Liposomal Vitamin C (in 10 fruit-flavoured variants), Liposomal Glutathione, Liposomal CoQ10, Liposomal Curcumin, Liposomal Ginkgo Biloba, Liposomal Resveratrol, Liposomal Collagen, and the Liposomal Vitamin B-complex range — all compounded in Lynnity’s Kuala Lumpur GMP laboratory.

Is liposomal encapsulation safe?

Yes. The phospholipids used (phosphatidylcholine, typically derived from soy or sunflower lecithin) are GRAS-classified (Generally Recognized as Safe) by the US FDA and have decades of use in pharmaceutical injectables and oral supplements.

Can I take liposomal supplements with food?

Yes. Liposomal supplements absorb well with or without food. Some patients prefer to take them on an empty stomach to maximise gut transit speed; others find any GI sensitivity is reduced when taken with food. Either approach works.

Do liposomal supplements need refrigeration?

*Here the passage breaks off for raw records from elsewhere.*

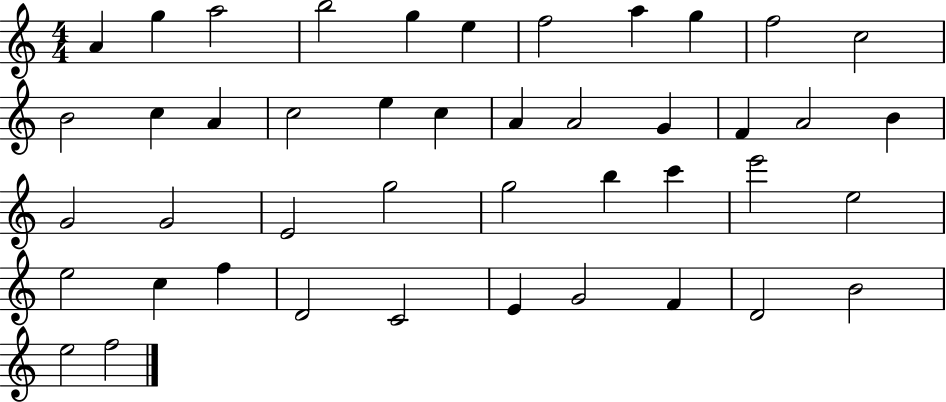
A4/q G5/q A5/h B5/h G5/q E5/q F5/h A5/q G5/q F5/h C5/h B4/h C5/q A4/q C5/h E5/q C5/q A4/q A4/h G4/q F4/q A4/h B4/q G4/h G4/h E4/h G5/h G5/h B5/q C6/q E6/h E5/h E5/h C5/q F5/q D4/h C4/h E4/q G4/h F4/q D4/h B4/h E5/h F5/h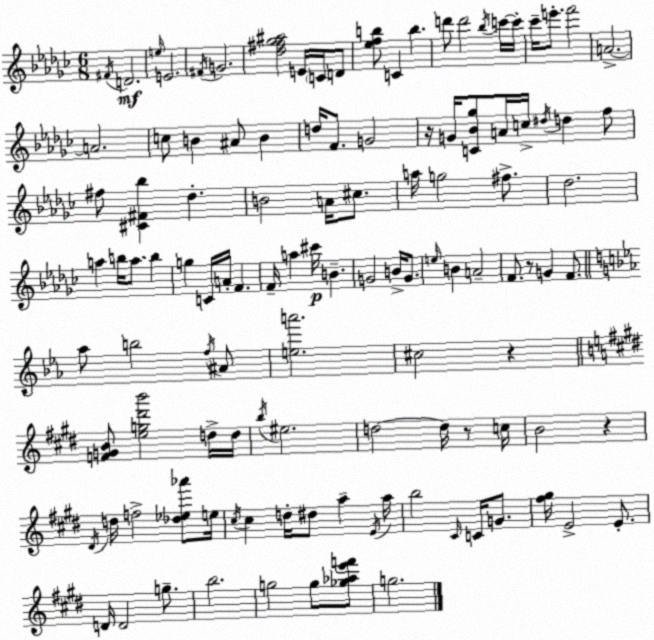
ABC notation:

X:1
T:Untitled
M:6/8
L:1/4
K:Ebm
^F/4 D2 e/4 E2 ^F/4 G2 [_d^f_g^a]2 E/4 C/4 D/2 [_efb]/2 C b d'/2 d'2 _b/4 c'/4 c'/4 _c'/4 e'/2 f'2 A2 A2 c/2 B ^A/2 B d/4 F/2 G2 z/4 G/4 [C_B_g]/2 A/4 c/4 ^d/4 d f/2 ^f/2 [^C^F_b] _d B2 A/4 ^c/2 a/4 g2 ^f/2 _d2 a b/4 a/2 b g C/4 A/4 F F/4 a ^c'/4 B G2 B/4 G/2 e/4 B A2 F/2 z/2 G F/2 _a/2 b2 f/4 ^A/2 [ea']2 ^c2 z [FGB]/2 [eg^d'b']2 d/4 d/4 b/4 ^e2 d2 d/4 z/2 c/4 B2 z ^D/4 d/4 f2 [_d_e_a']/2 e/4 ^c/4 ^c d/4 ^d/2 a E/4 a/4 b2 ^C/4 C/4 G/2 [^f^g]/4 E2 E/2 D/4 D2 g/2 b2 g2 g/2 [_g_ae'f']/2 g2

Most Lynnity liposomal liquid products are stable at room temperature (below 25 °C) for the labelled shelf life. Once opened, refrigeration is recommended and the product should be used within the period specified on the label. Capsule formulations do not require refrigeration.

References

1. Davis JL, et al. “Liposomal-encapsulated ascorbic acid: influence on vitamin C bioavailability and capacity to protect against ischemia-reperfusion injury.” Nutrition and Metabolic Insights. 2016. PMC11519160.
2. Sinha R, et al. “Oral supplementation with liposomal glutathione elevates body stores of glutathione and markers of immune function.” European Journal of Clinical Nutrition. 2018;72:105–111.
3. Łukawski M, et al. “New oral liposomal vitamin C formulation: properties and bioavailability.” Journal of Liposome Research. 2020;30(3):227–234.
4. Allen TM, Cullis PR. “Liposomal drug delivery systems: From concept to clinical applications.” Advanced Drug Delivery Reviews. 2013;65(1):36–48.